Dick's Sporting Goods, Inc. (DKS) gapped to the downside back in August on heavy volume or turnover. No big deal with the benefit of hindsight. Dick's also gapped to the upside yesterday and this price void is way more interesting. Let's look at one chart with the gap and two charts without the gap to see if it is worth paying up for DKS.
(For more on Dick's, see Jim Cramer's Dick's Sporting Goods Has the Winning Game Plan for Retailers.)
In this daily bar chart of DKS, below, we can see the gap back in August and the gap yesterday. DKS first closed above the 50-day moving average line in November; back below it in April and then gapped back above it Wednesday.
The 50-day average also closed above the 200-day average in March for a bullish "golden cross" of these two indicators. Now look closer at the volume pattern right below the price chart. Volume was strong in August with the price gap and the On-Balance-Volume (OBV) line declined. Volume was strong in November and DKS made its low.
There was another burst of volume in March and prices made a large outside day and the OBV line went vertical. Overall from November the rising OBV line signals more aggressive buying - all before the price gap.
The Moving Average Convergence Divergence (MACD) oscillator followed prices down and up the past 12 months and it is likely to cross above the zero line again soon.
In this weekly bar chart of DKS, below, the daily price gap disappears because we plot the high/low/and close from Monday to Friday. Prices are above the flat 40-week moving average line.
The weekly OBV line made a low in August and has improved over the past 10 months.
The weekly MACD oscillator is right on the zero line and is probably going to signal an outright go long position.
In this Point and Figure chart of DKS, below, we can see the breakout at $36.00 and a potential price target of $45.00.
Bottom line: With over 11 million shares of DKS sold short (last report from www.shortsqueeze.com), part of Wednesday's price gap may have been driven by shorts.
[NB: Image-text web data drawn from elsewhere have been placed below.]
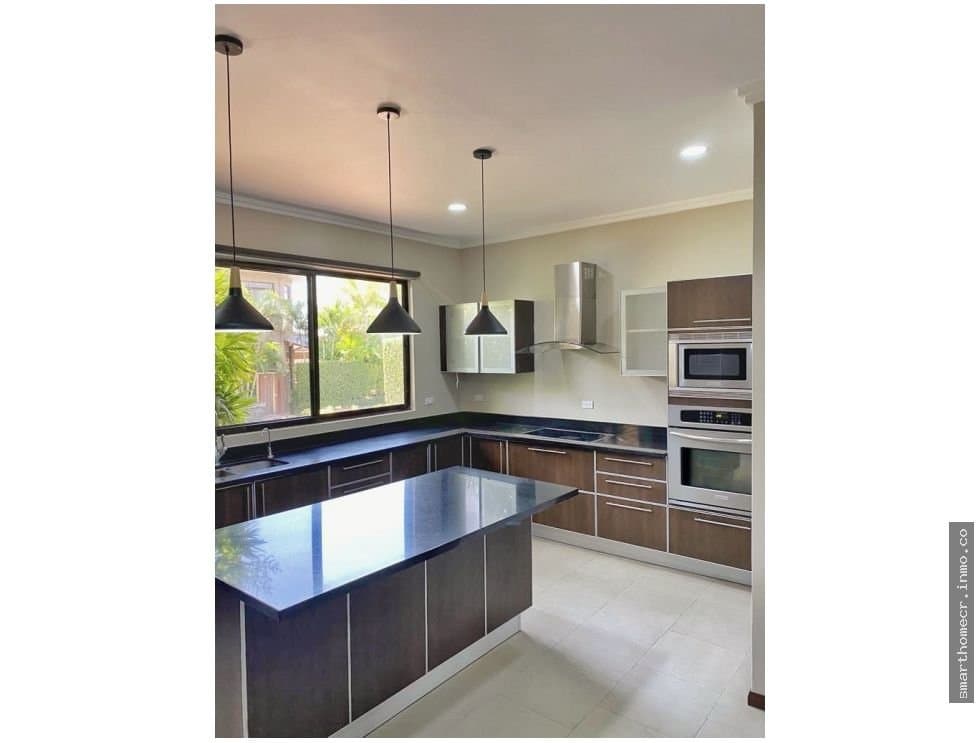 Venta y alquiler de casa de 1 planta en condominio - santa ana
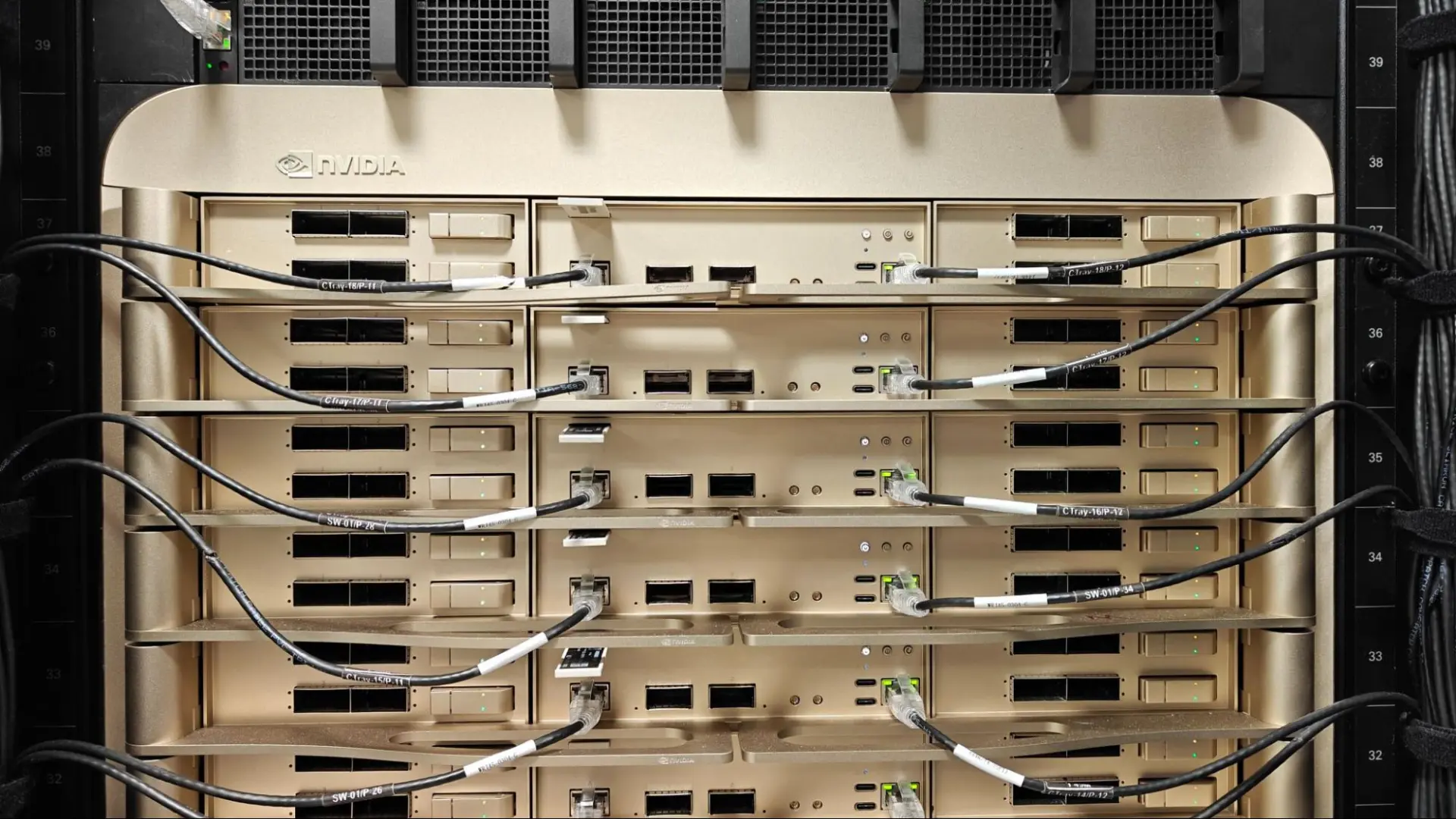 Nvidia'nın Gizli Mühendislik Üssü Ortaya Çıktı: Vera Rubin NVL72, OpenAI Yükleri ve 800VDC Güç Teknolojisi Gözler Önünde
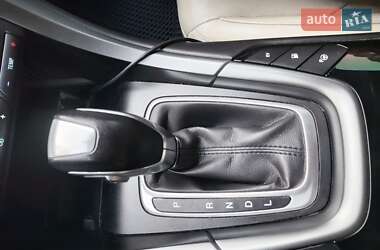 Седан Ford Fusion 2015 в 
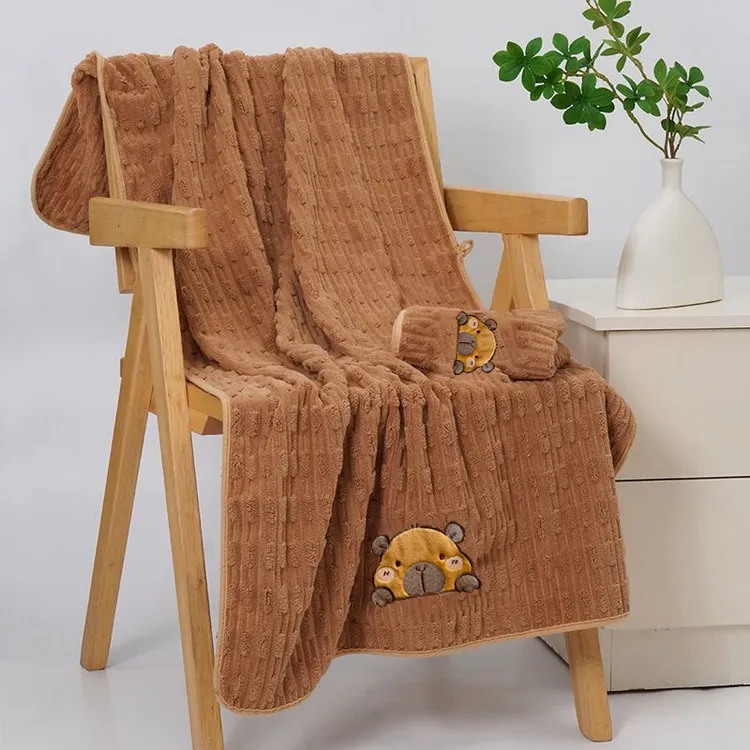 夏季新款大浴巾珊瑚绒柔软亲肤吸水速干可爱家用浴巾毛巾两件套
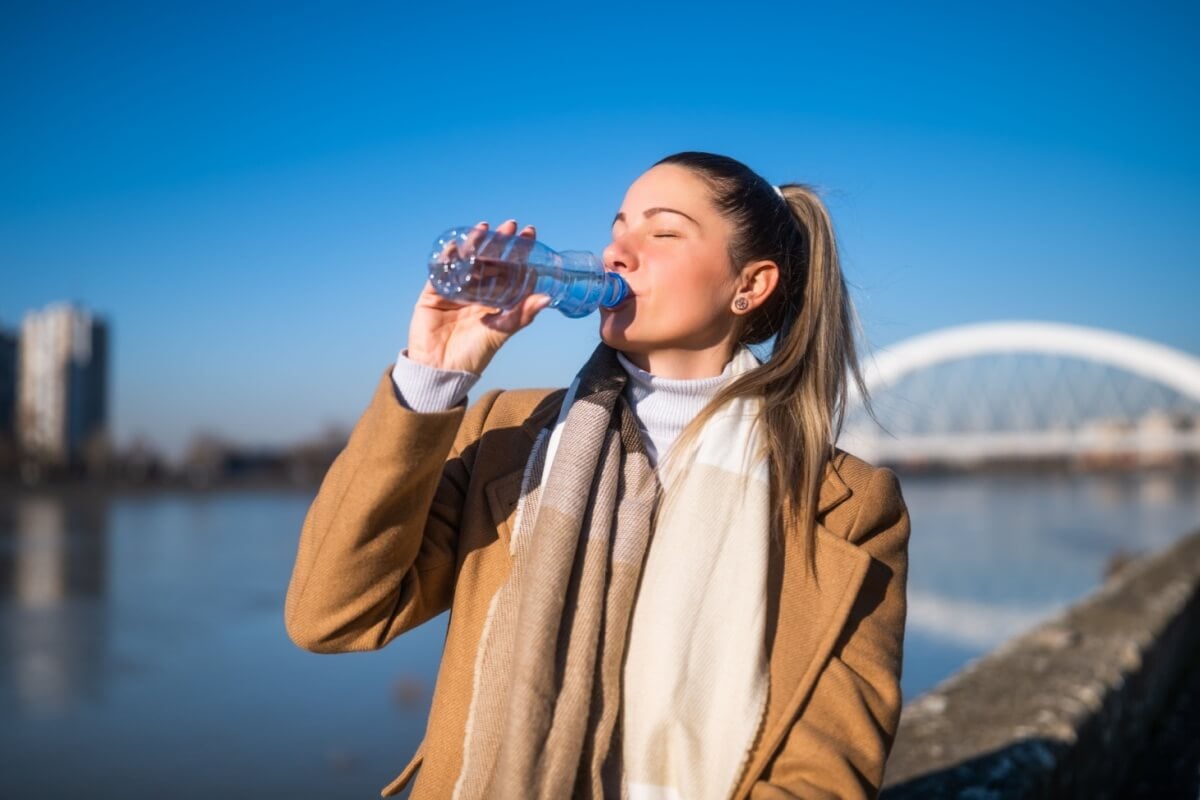 É importante se manter hidratado mesmo no inverno (Imagem: InesBazdar | Shutterstock)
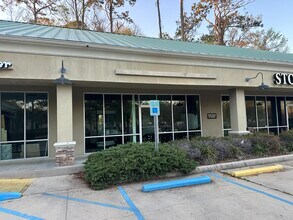 1600 W Causeway Approach, Mandeville, LA à louer Photo intérieure- Image 1 de 15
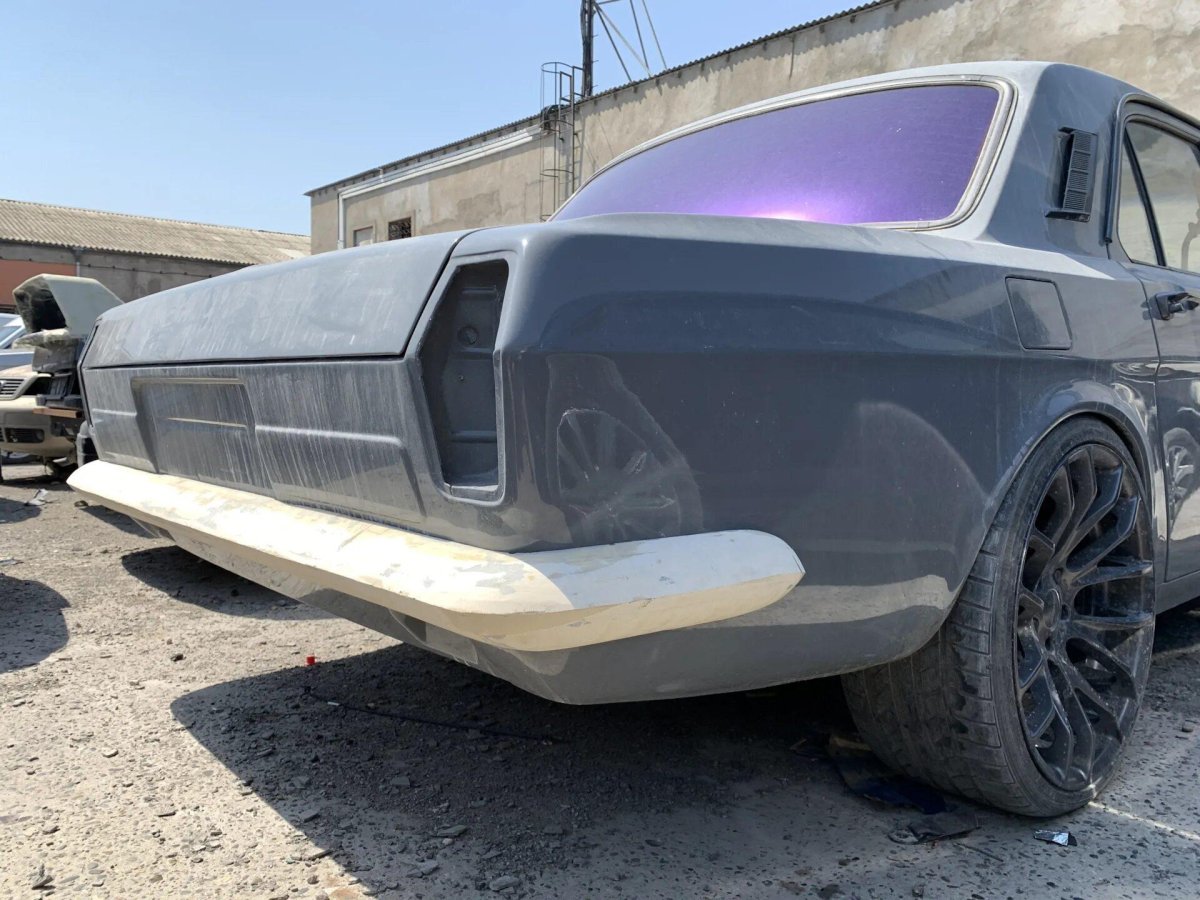 ГАЗ 24 из стекловолокна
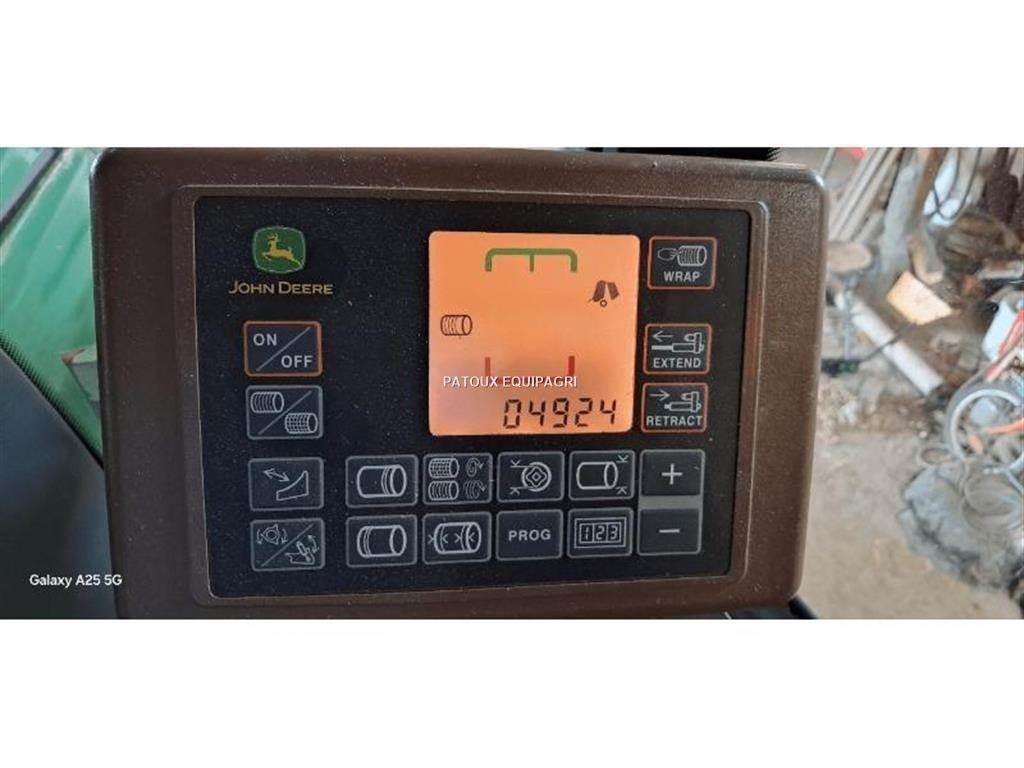 John Deere V461M 圓型牧草打包機
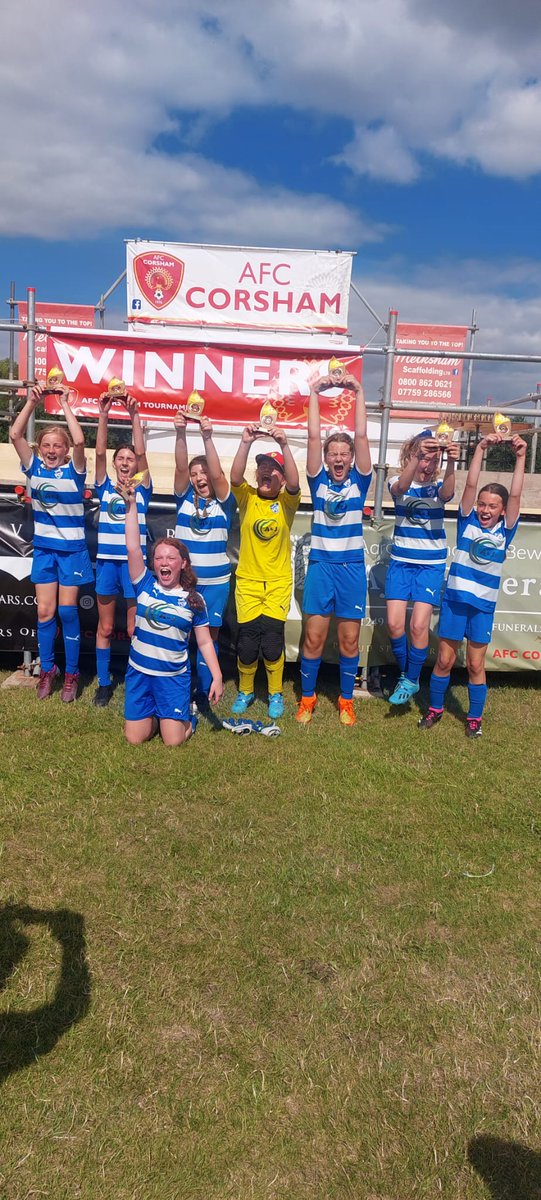 Eliebe1306's tweet photo. Final tournament of the season @CorshamTownFC and finally the first tournament win, with zero goals conceded! 🔵⚪️⚽️
#grassrootsfootball https://t.co/78oo75JJer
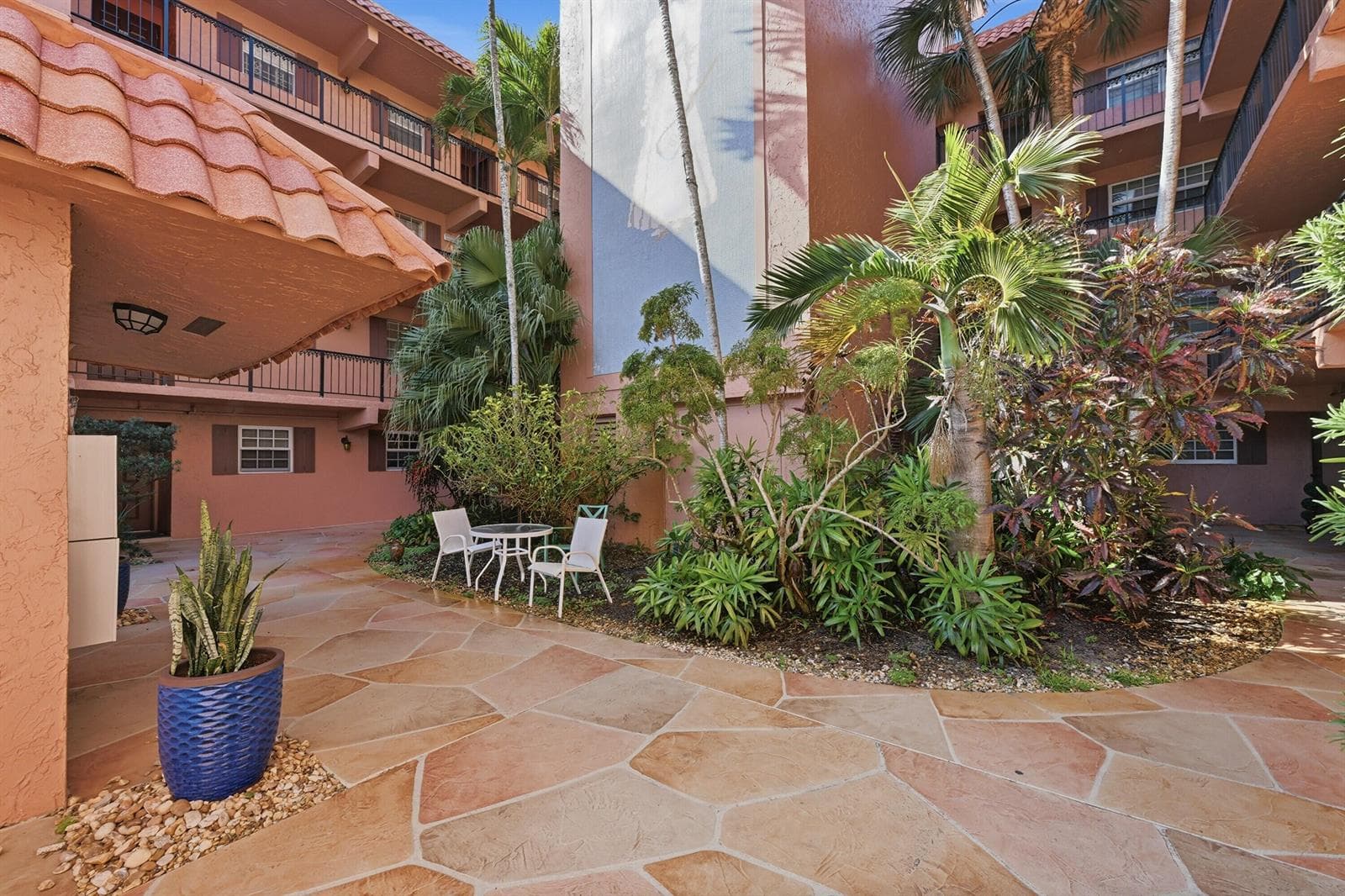 630 Tennis Club Drive # Apt 204, Fort Lauderdale, FL 33311 — zdjęcie 3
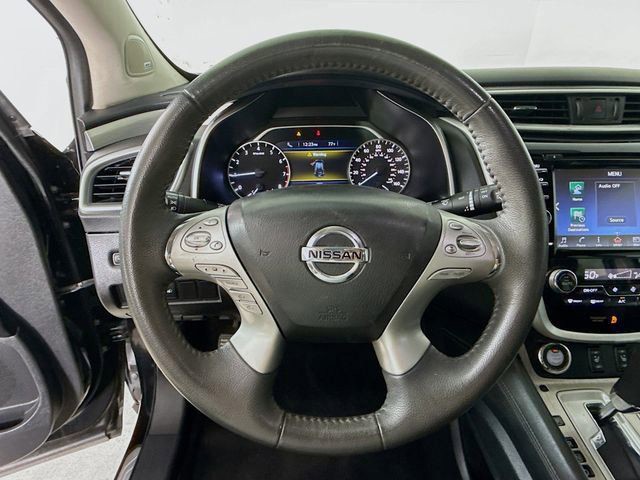 Used 2016 Magnetic Black Nissan SL image 9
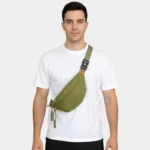 sac banane kaki porté en bandoulière par un homme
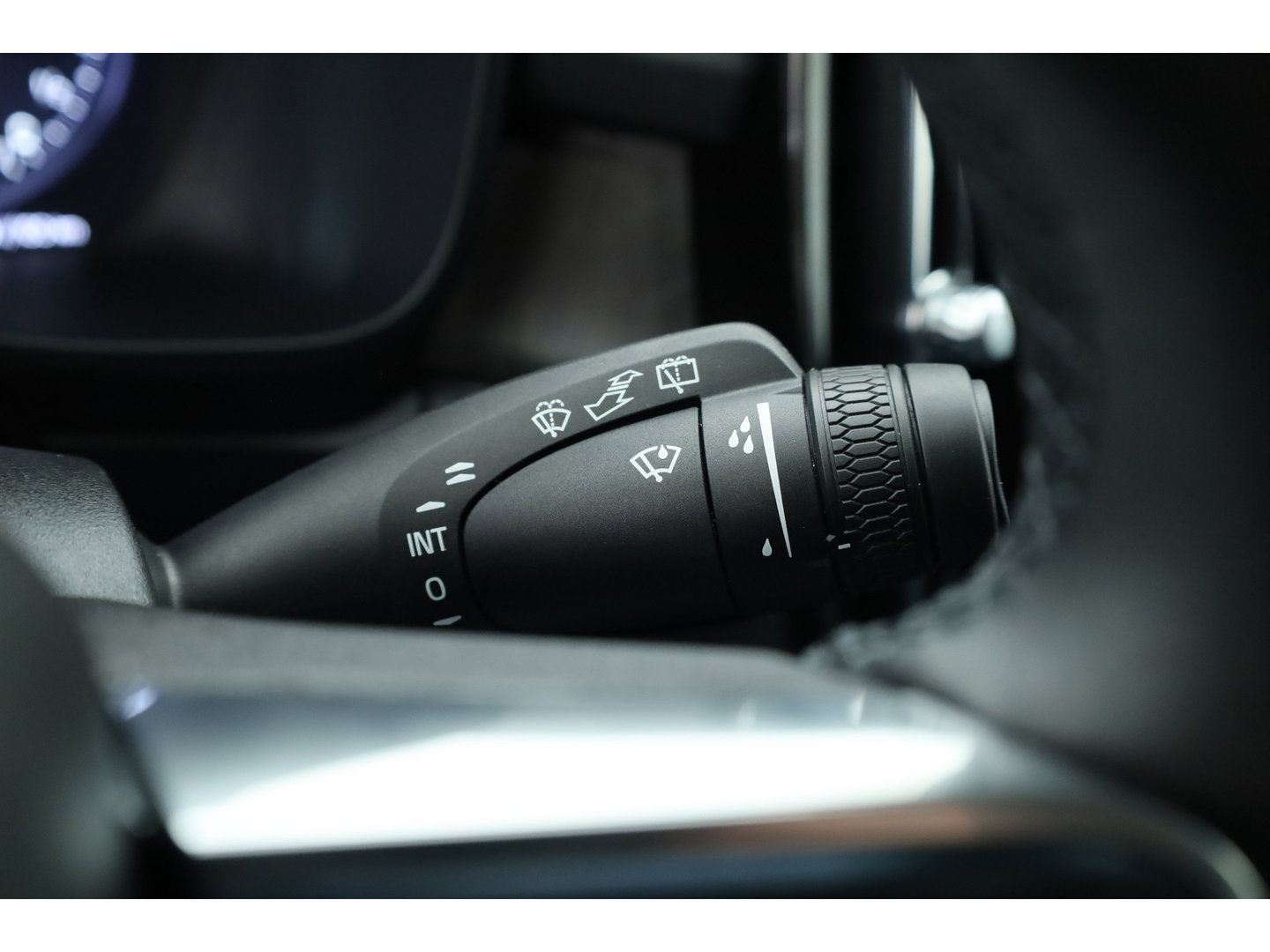 Volvo XC40 1.5 T5 Plug-in hybrid Plus Bright | Facelift | Vol Leder | Adaptieve Cruise | H&K Audio | Camera |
I don't know for sure, but that could mean the price of DKS does not dip all that much if you are looking to buy it.
At the risk of seeing DKS moving still higher in the short-term, I would wait a few days to see if there is any dip back towards $36 - the bottom end of the gap - as buying DKS is not a problem, rather the issue is what to risk.
If there is no decline into the gap then $34 could be a good risk point for new longs. The Point and Figure chart (above) suggests $45 as a target.